Grass and MoneyWritten by Dallas Mount
Recently I had the pleasure of conducting a whole-ranch enterprise analysis on a well-managed range-based cattle operation. While working with the ranch and looking across the fence, it really drove home the fact that range management is an economic issue. This ranch for years has paid close attention to the condition of their rangeland and has constructed infrastructure and a management plan around encouraging desirable plants. The result is that the ranch had the capacity to be a productive forage producer in most years. We estimated that the ranch would produce around 0.5 AUMs of available feed per acre during the “average” year (this ranch is in a favorable precip zone). Just down the road there was another operation that did not share the same concern for the health of the rangeland and had grazed in such a way that low productive potential plants now dominated the range and, even in a good year, the ranch would likely not produce more than 0.2 AUMs per acre.
For demonstration purposes, let’s assume both of these ranches are 10,000 acres, and let’s also assume an AUM (The amount of grass needed to support a 1,000-pound cow for one month on private land) is valued at $18.
Through their good management, Ranch A has managed to improve the forage value of their ranch by $54,000 each year when compared to Ranch B. Even if Ranch A invested $10,000 each year in stock water development or cross-fencing, this still is a paying proposition. I would also suggest that during wet years this difference would be even larger. Is range management on the ranch a significant economic issue? You bet!
What can you do to improve forage production and harvest efficiency? This list is not exhaustive, but here are some ideas:
• Stockwater development – usually the biggest limiting factor on grazing is adequate water, the Environmental Quality Incentives Program (EQIP) through the Natural Resources Conservation Service (NRCS) offers cost share to help ranches address this in many cases.

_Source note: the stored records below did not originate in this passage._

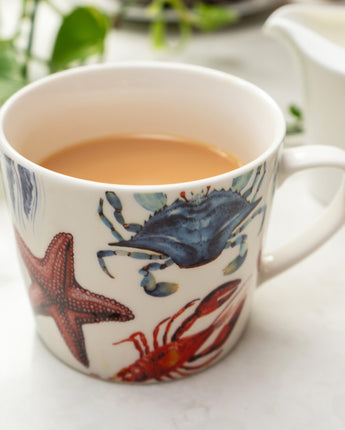 Wide sea creatures mug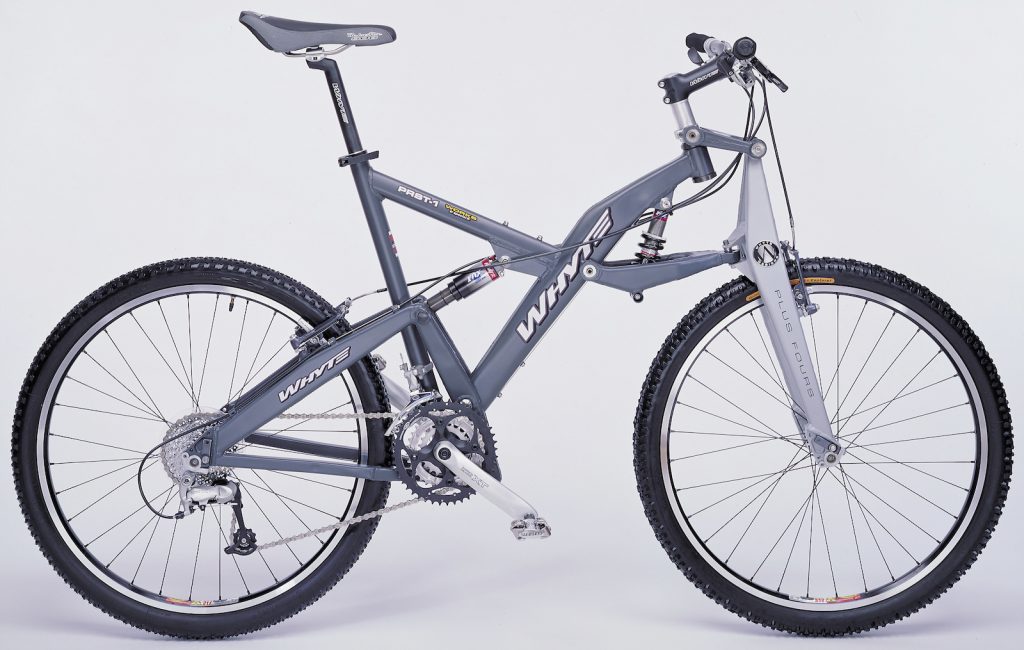 Image of Whyte PRST-1 full suspension mountain bike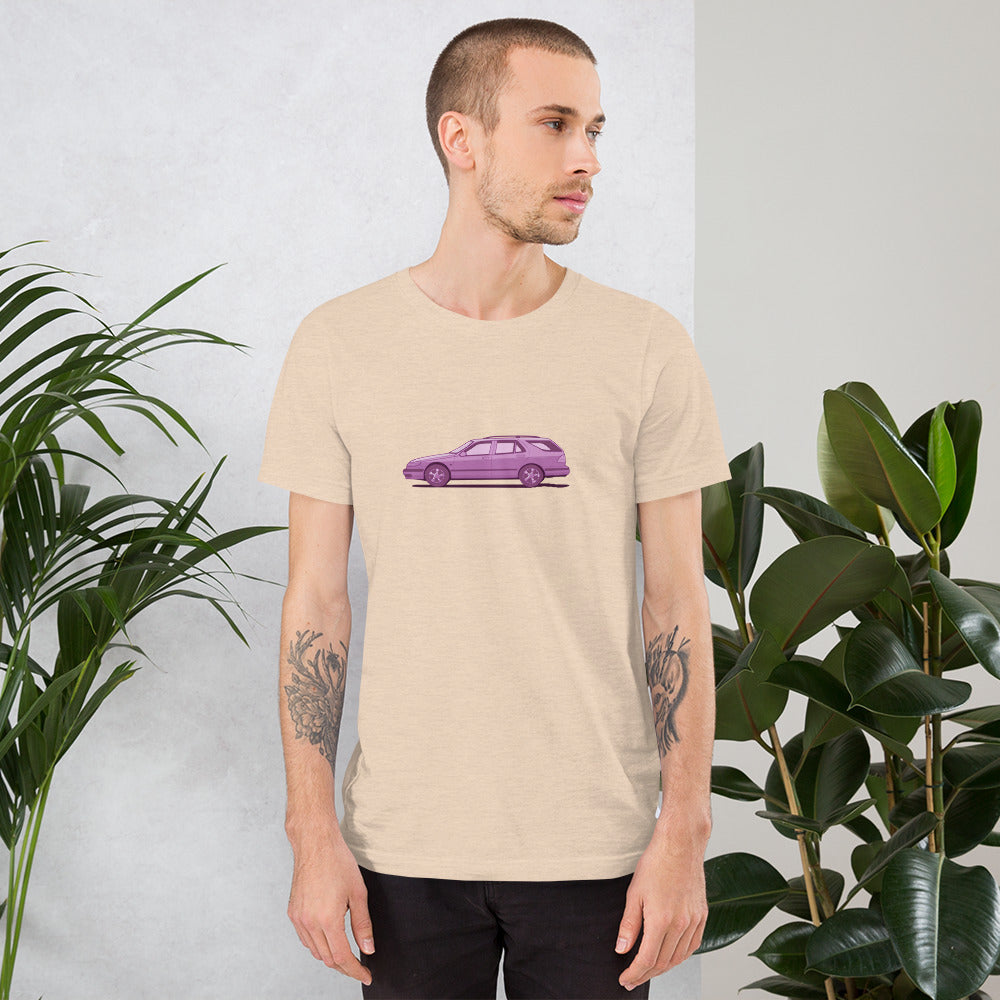 Saab 9-5 Wagon Sport Combi Wagon Beige Unisex T-Shirt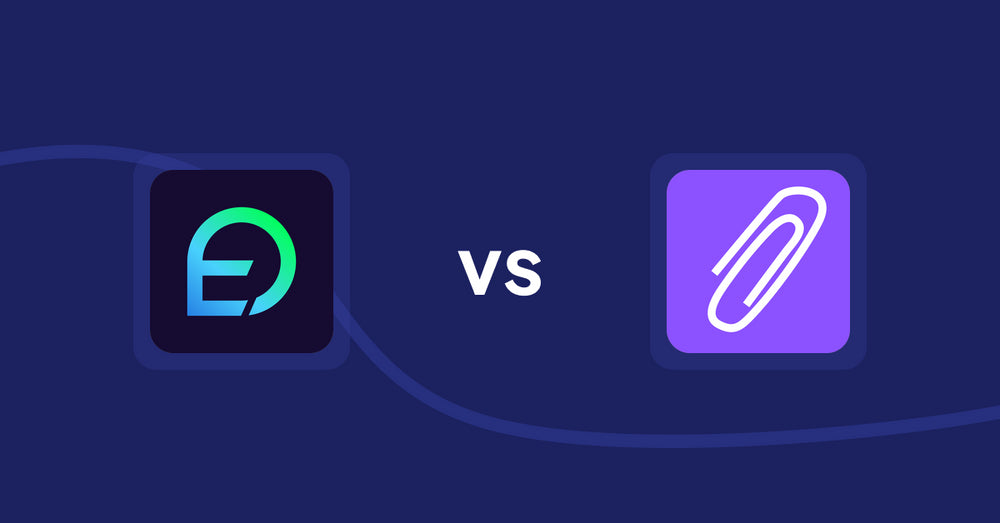 Shopify Product Display Apps: EasyDisplay: Product Showcase vs. Agile Attachments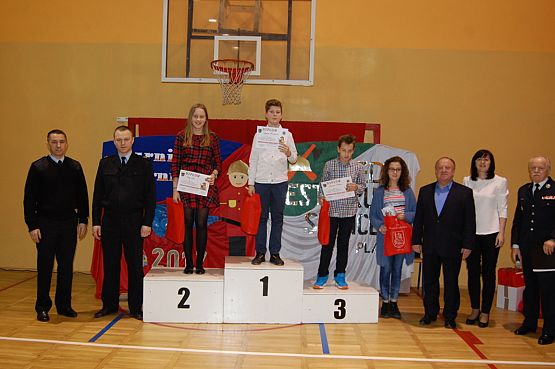 Grafika #26: Turniej Pożarniczy - etap gminny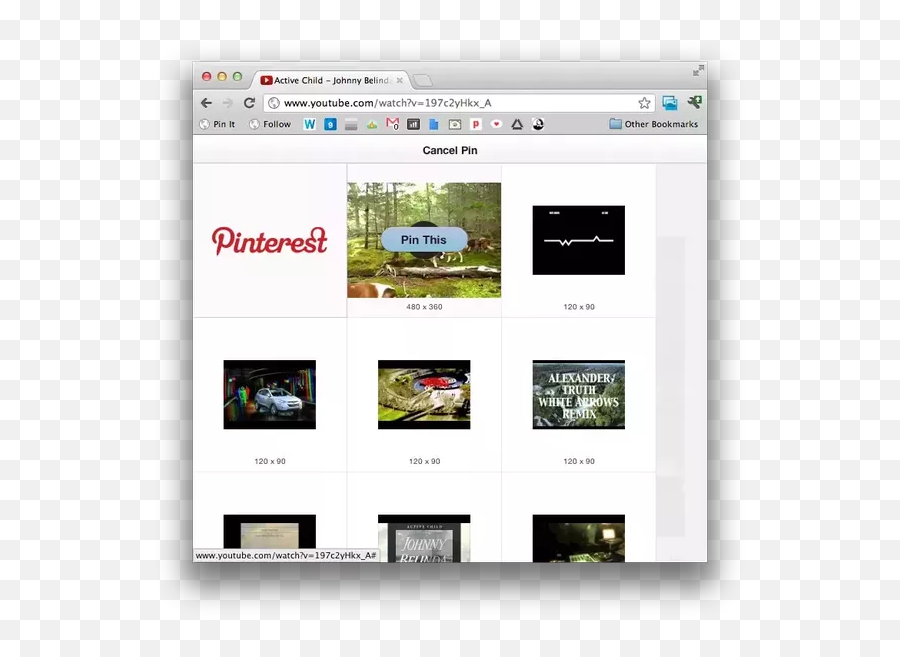 How To Add A Link Of Youtube Video Pinterest - Quora Technology Applications Png,Pinterest Repin Icon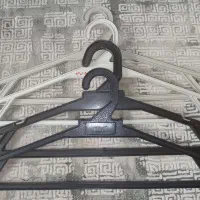 چوب لباسی پلاستیکی تعداد بالا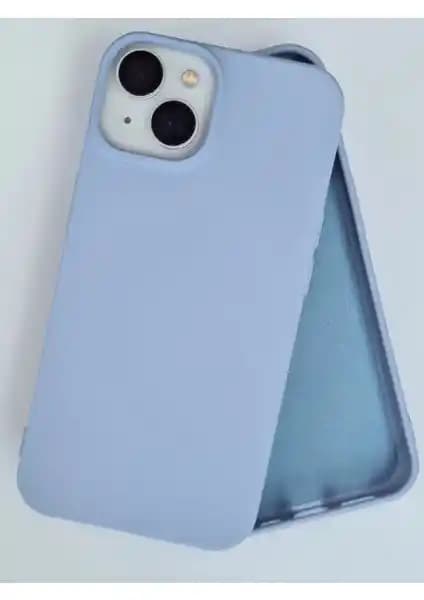 Pirok Store iPhone 13 Uyumlu Kadife İçli Soft Silikon Kılıf ile Şık ve Dayanıklı Koruma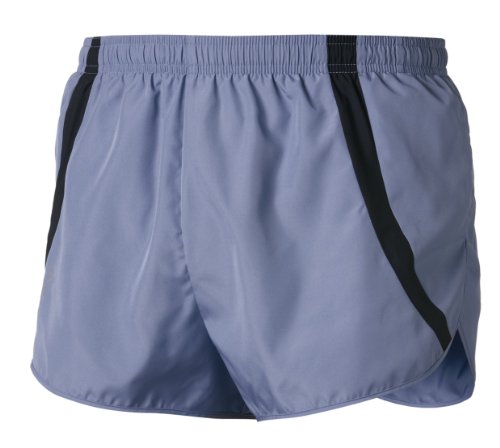 Odlo Herren Running Split Shorts Active Run,blue shadow - black , (22001) , XXL, 345722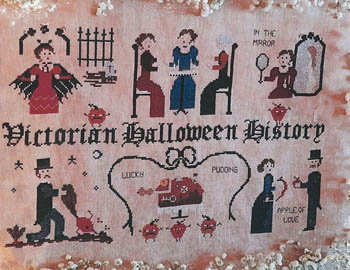 click here to view larger image of Victorian Halloween History (chart)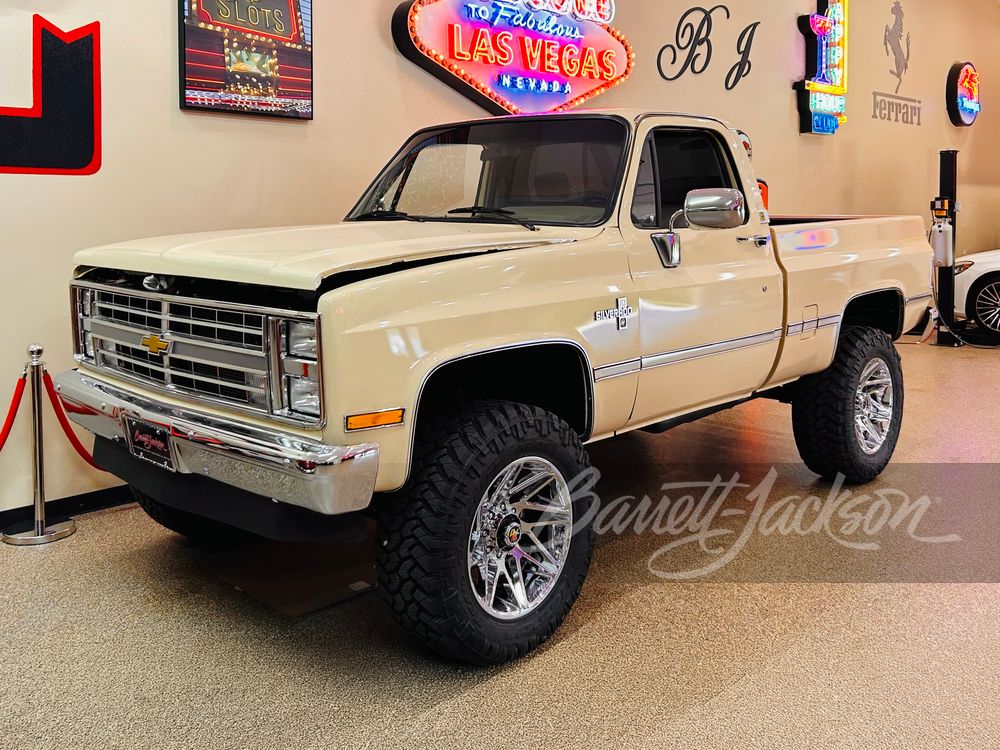 1986 Chevrolet C/K Pickup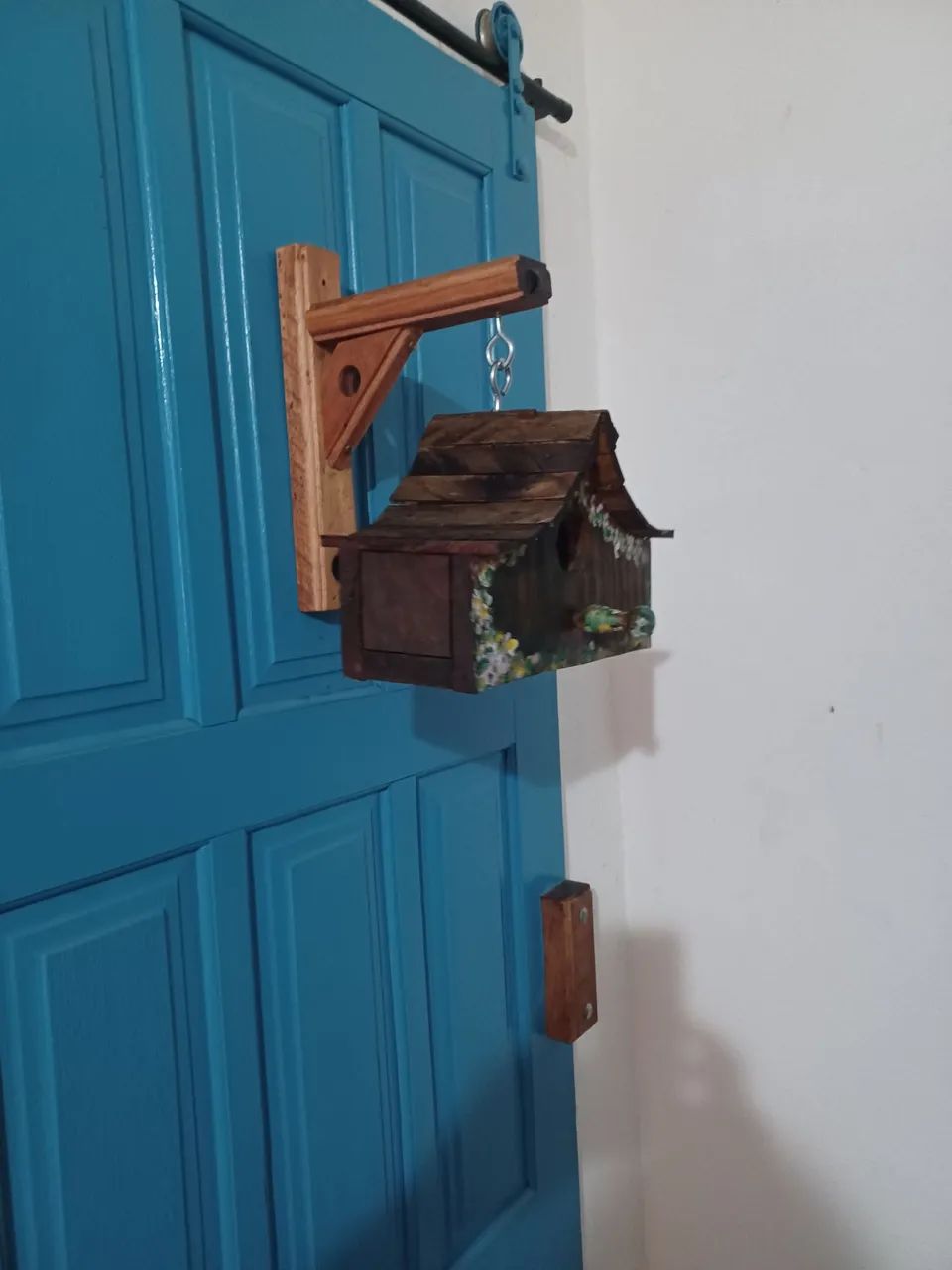 Casa em Madeira para Pássaros  - Foto 4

• Season of use – In Wyoming, cool season grasses are responsible for the majority of our forage production, and repeated grazings of these cool season plants during their rapid-growth period will decrease their population. Rotate the timing of grazing in your pastures so no pasture gets grazed during those critical spring months in consecutive years.
• Fencing – You thought it would be number one, didn’t you? There is an economic threshold to how many fences make sense, depending on the productivity of the site. Be able to control grazing, but don’t get too carried away. Consider permanent or temporary electric fence, also. Intensive grazing on productive or irrigated pastures usually does make economic sense.
• Manage for the plants you want – Don’t get carried away with fighting all the bad stuff; know how to identify your desired grasses and manage for these. In most cases, the good will crowd out the bad. But, don’t ignore control of noxious weeds.
• Winter graze – Grasses are much more tolerant of grazing during the dormant season. Winter grazing allows you to come back to pastures and graze forage that was not used during the growing season. It also makes it easier to manage that critical spring season if your grazing is stretched out over a longer period.
This list could be entirely different based upon your individual situation, and by all means it’s not exhaustive. You need to develop your own list of priorities and management strategies.
Your ranch’s forage production is the foundation of your livestock business. Be careful that you don’t get so caught up in the color of the paint on the tool that you forget to manage the factory. I hope moisture finds your ranch this spring.